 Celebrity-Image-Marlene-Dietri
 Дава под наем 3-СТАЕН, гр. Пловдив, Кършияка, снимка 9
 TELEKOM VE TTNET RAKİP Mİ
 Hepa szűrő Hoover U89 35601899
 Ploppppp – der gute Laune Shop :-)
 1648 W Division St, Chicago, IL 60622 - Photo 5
--
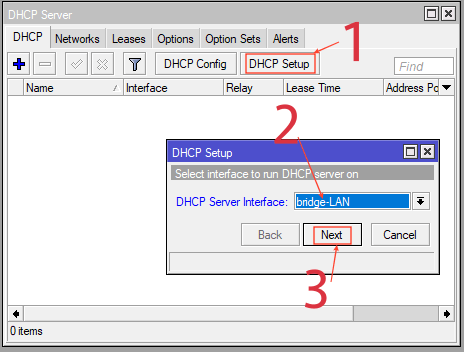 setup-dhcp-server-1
==
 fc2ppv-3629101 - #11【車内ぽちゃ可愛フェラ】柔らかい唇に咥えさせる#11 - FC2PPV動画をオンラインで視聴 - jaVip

* Assignment *
An exact copy of the lines above, from the one containing "Celebrity-Image-Marlene-Dietri" down to the one containing "1648 W Division" and including both, is the whole answer; retype it and nothing else.

* Task response *
 Celebrity-Image-Marlene-Dietri
 Дава под наем 3-СТАЕН, гр. Пловдив, Кършияка, снимка 9
 TELEKOM VE TTNET RAKİP Mİ
 Hepa szűrő Hoover U89 35601899
 Ploppppp – der gute Laune Shop :-)
 1648 W Division St, Chicago, IL 60622 - Photo 5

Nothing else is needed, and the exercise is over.